Pourquoi la vie est-elle si tragique, si semblable à un petit trottoir en surplomb d’un abîme ? Je regarde en bas ; la tête me tourne. Je me demande comment j’arriverai jamais jusqu’au bout. Mais pourquoi cette impression ? A cet instant où j’en parle, je cesse de la ressentir. Le feu flamboie ; nous devons aller entendre L’Opéra des Gueux, seulement mon impression est là, tout autour de moi. Je ne puis garder les yeux fermés. C’est un sentiment d’impuissance, d’insignifiance. Me voici là, à Richmond, et comme d’une lanterne posée au milieu d’un champ, ma lumière monte dans les ténèbres. A mesure que j’écris, ma mélancolie s’estompe. Pourquoi donc ne pas la noter plus souvent ? Eh bien, ma vanité me l’interdit, je tiens à offrir l’image de la réussite, ne serait-ce que pour moi-même. Mais je n’arrive jamais à la connaître pleinement.

Spilliaert Vertige.jpg
Spilliaert, Vertige, 1908

Cela provient de ne pas avoir d’enfants, d’être loin de mes amis, de ne pas arriver à écrire bien, de dépenser trop pour la nourriture, de vieillir – je me pose trop de questions, je pense trop à moi-même ; je n’aime pas sentir le temps battre des ailes autour de moi. Bon, eh bien travaille ! Oui, mais le travail fatigue vite – je ne puis lire bien longtemps ; écrire toute une heure m’épuise. Ici personne ne vient me faire perdre agréablement mon temps. Et si on le fait, cela me met de méchante humeur. Le trajet de Londres m’impose une trop grande fatigue. Les enfants de Nessa grandissent ; je ne peux plus les inviter pour le thé ni les conduire au zoo. Mon argent de poche ne me permet pas grand-chose. Cependant je suis persuadée que ce sont là des détails sans importance ; et je me dis parfois que c’est la vie en soi qui est tragique pour tous ceux de notre génération. Pas un placard de journal qui ne nous offre le cri d’agonie de quelqu’un. Cet après-midi, c’était McSwiney, et la violence en Irlande, ou bien la grève menace. Le malheur est partout, juste derrière la porte ; ou la stupidité, ce qui est pire. Je ne puis pour autant me débarrasser de mon propre tourment. Reprendre La Chambre de Jacob va, je le sens, ranimer mon courage. J’en ai fini avec Evelyn, mais je n’aime pas ce que j’écris en ce moment. Et malgré tout, comme je suis heureuse !... n’était cette impression que la vie est un petit trottoir en surplomb d’un abîme. »

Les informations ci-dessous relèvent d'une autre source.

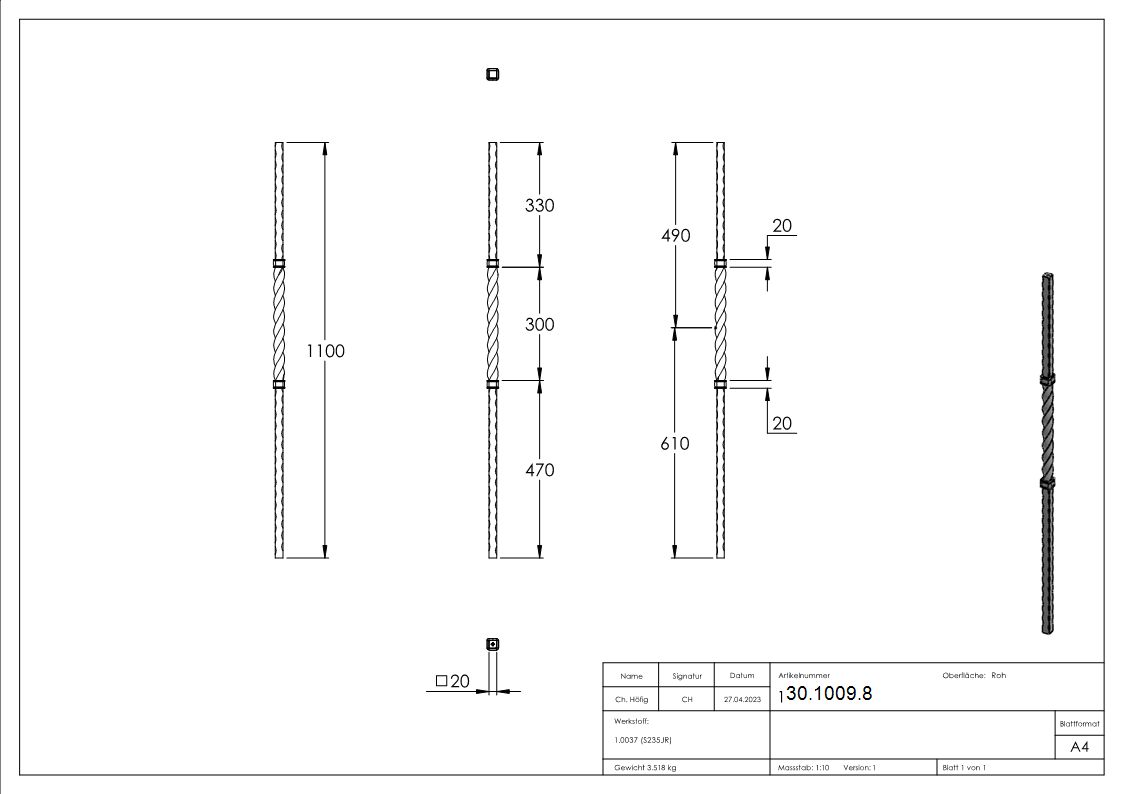 Anfangsstab - Laenge- 1100 mm - Material- 20x20 mm - Stahl S235JR- roh-30-1009.8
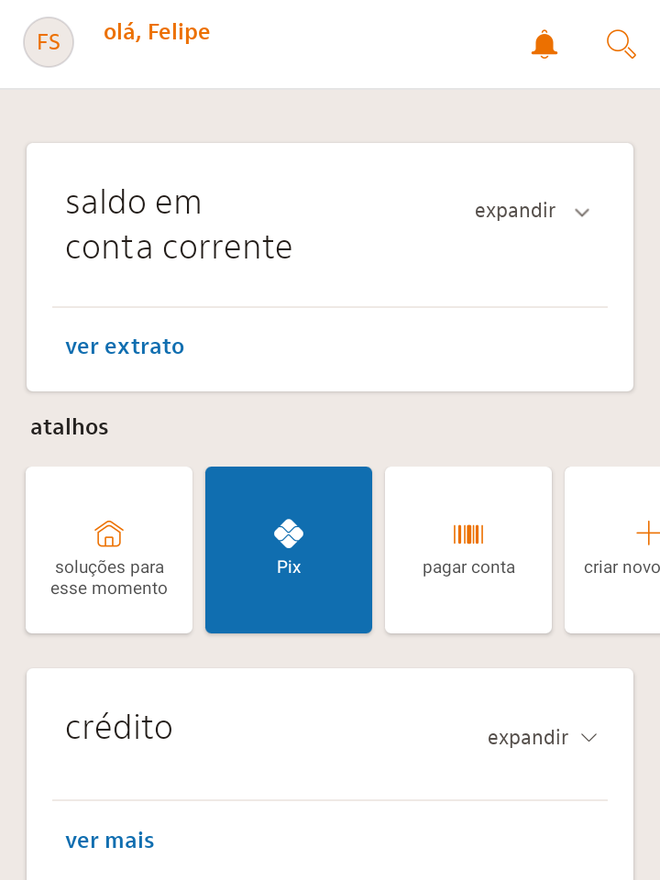 Na página inicial do app você pode adicionar atalhos correspondentes aos serviços do Itaú - (Captura: Canaltech/Felipe Freitas)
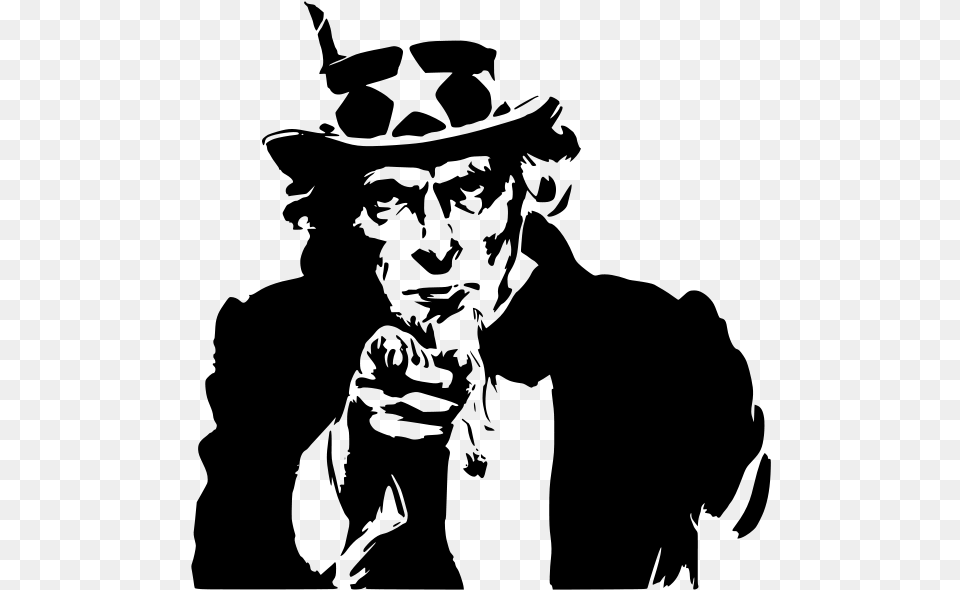 Uncle Sam Pointing Clip Arts Uncle Sam Black And White Clipart, Gray Free Png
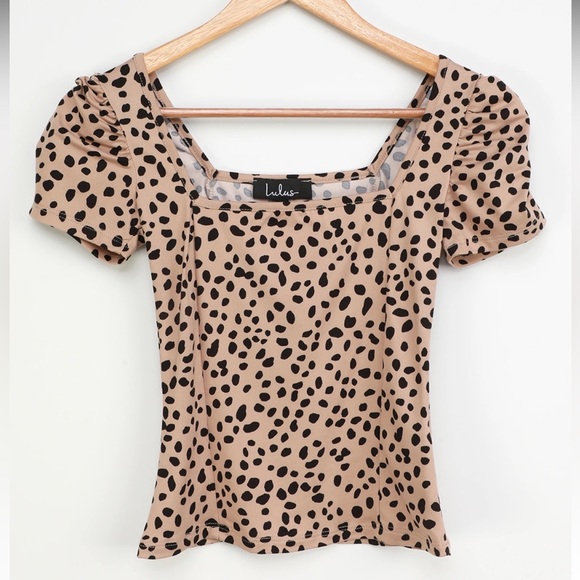 Lulus Oh Darling Black And Tan Dot Print Puff Sleeve‎ Top Beige - Size M - Picture 4 of 6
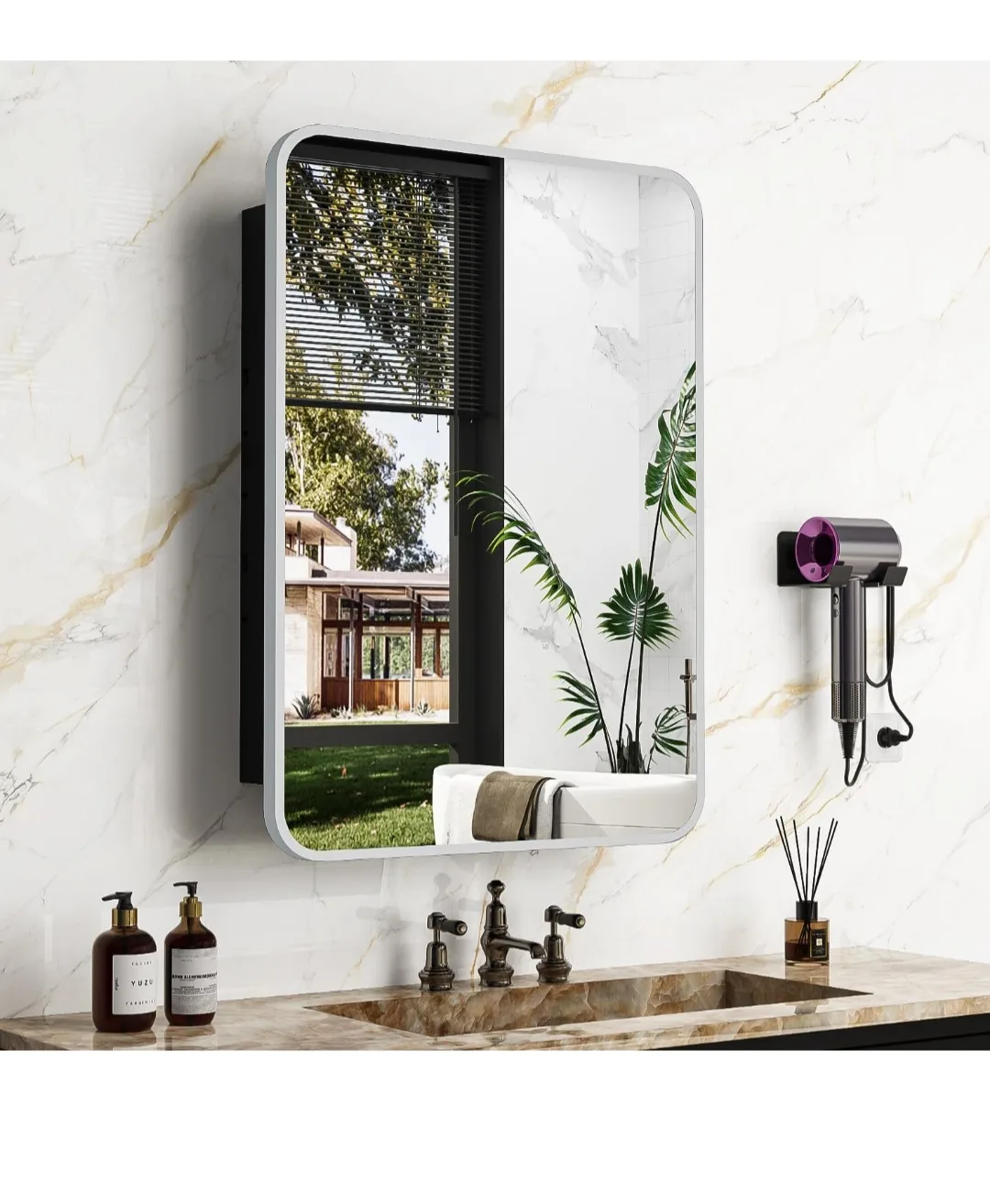 ACEMIRO Wall-Mounted Medicine Cabinet with Mirror image indicator(7)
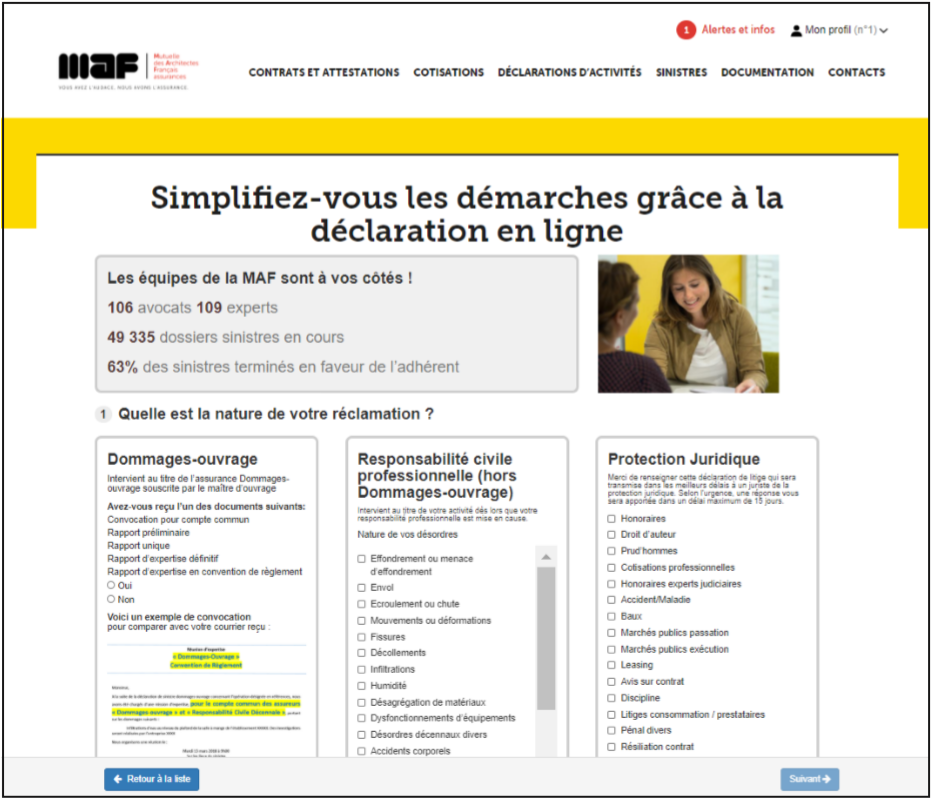 Déclaration de sinistre en ligne 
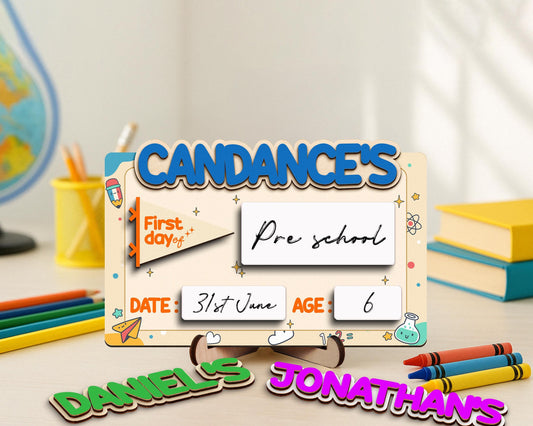 Customized First And Last Day School Sign, Back to School Sign, Kindergarten 1st Day of School Sign, First Day School Wooden School Board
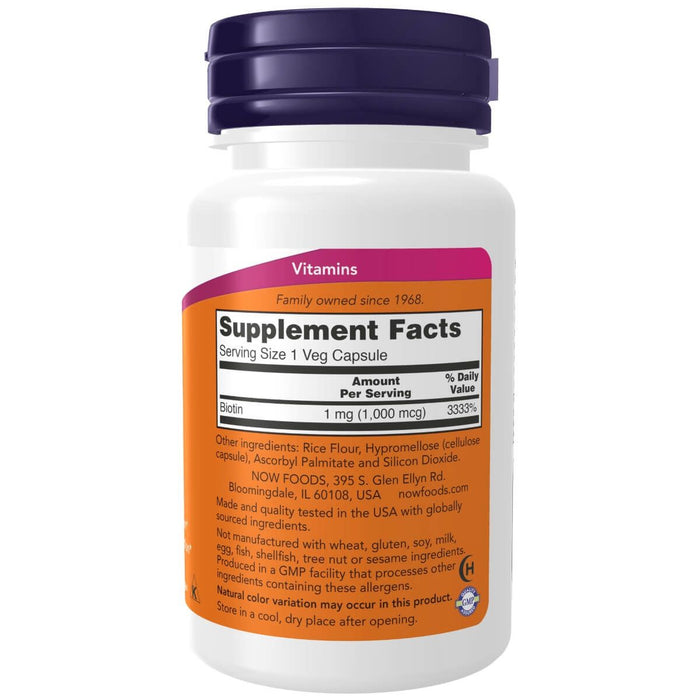 NOW Foods Biotin 1,000 mcg 100 Veg Capsules - Vitamins & Minerals at MySupplementShop by NOW Foods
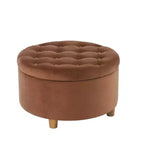 Pouf de rangement rond touffeté en velours - HomePop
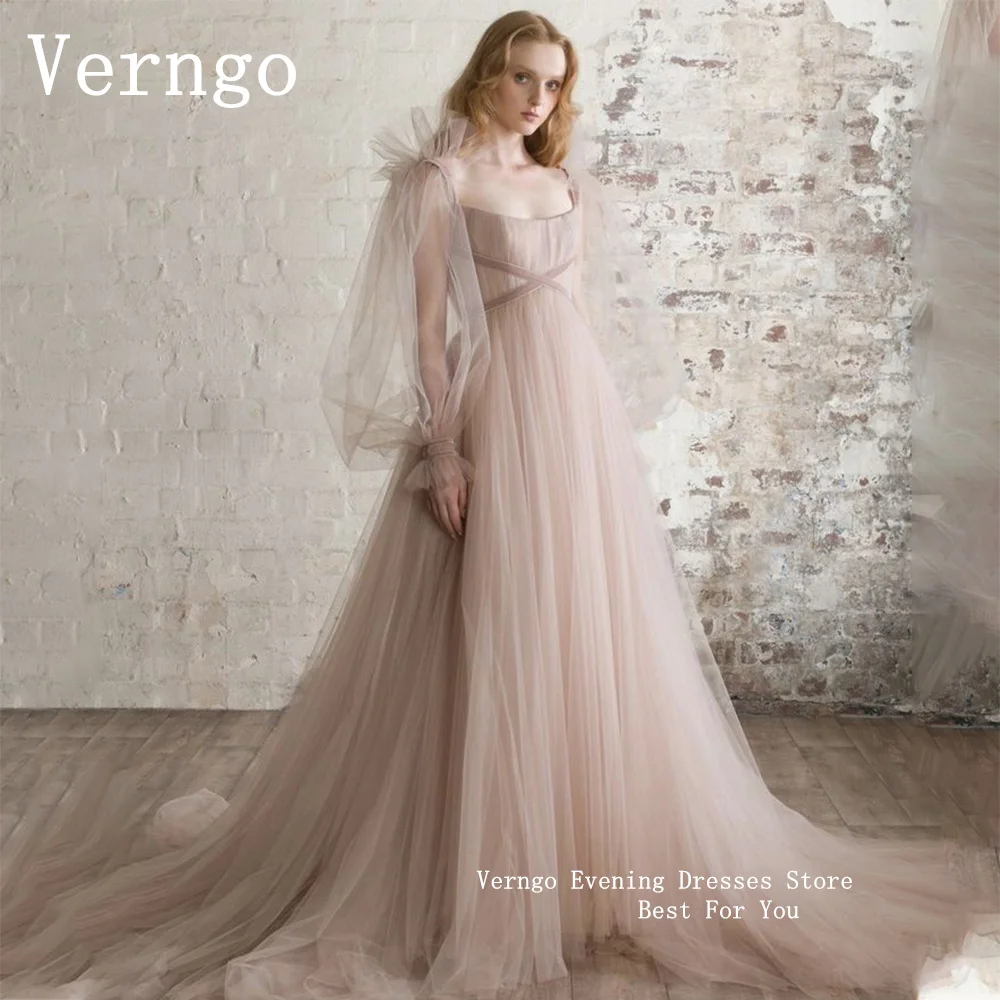 Verngo Blush Pink Tulle Evening Dress Women Elegant A Line Puff Long Sleeves Wedding Party Dress Romantic Sweap Train Prom Dress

Mercredi 10 novembre [1920]

« J’ai fait un bout de chemin en suivant le bord du trottoir, sans tomber en bas. De nombreuses occupations m’ont forcée à marcher d’un pas vif, et puis, faisant un effort, j’ai acheté un manteau et une jupe et commencé mes mondanités de l’hiver chez Mrs. Samuel Bruce, entre Katie et Elena encore une fois, pour encore une fois entendre et dire les mêmes choses. […] »

Virginia Woolf, Journal

 

Commentaires

  • On sent ses tourments intérieurs lancinants dans ces extraits, c'est douloureux à lire.

  • Si ton billet de lundi était superbe de vie, donnait si envie de lire le journal, cet extrait est si profond, si vrai et essentiel (intemporel aussi) que j'en suis toute remuée.
    Merci dam Tania, je t'embrasse

  • @ Aifelle : C'est une autre composante du Journal qui apparaît dans ces extraits - douloureuse, oui.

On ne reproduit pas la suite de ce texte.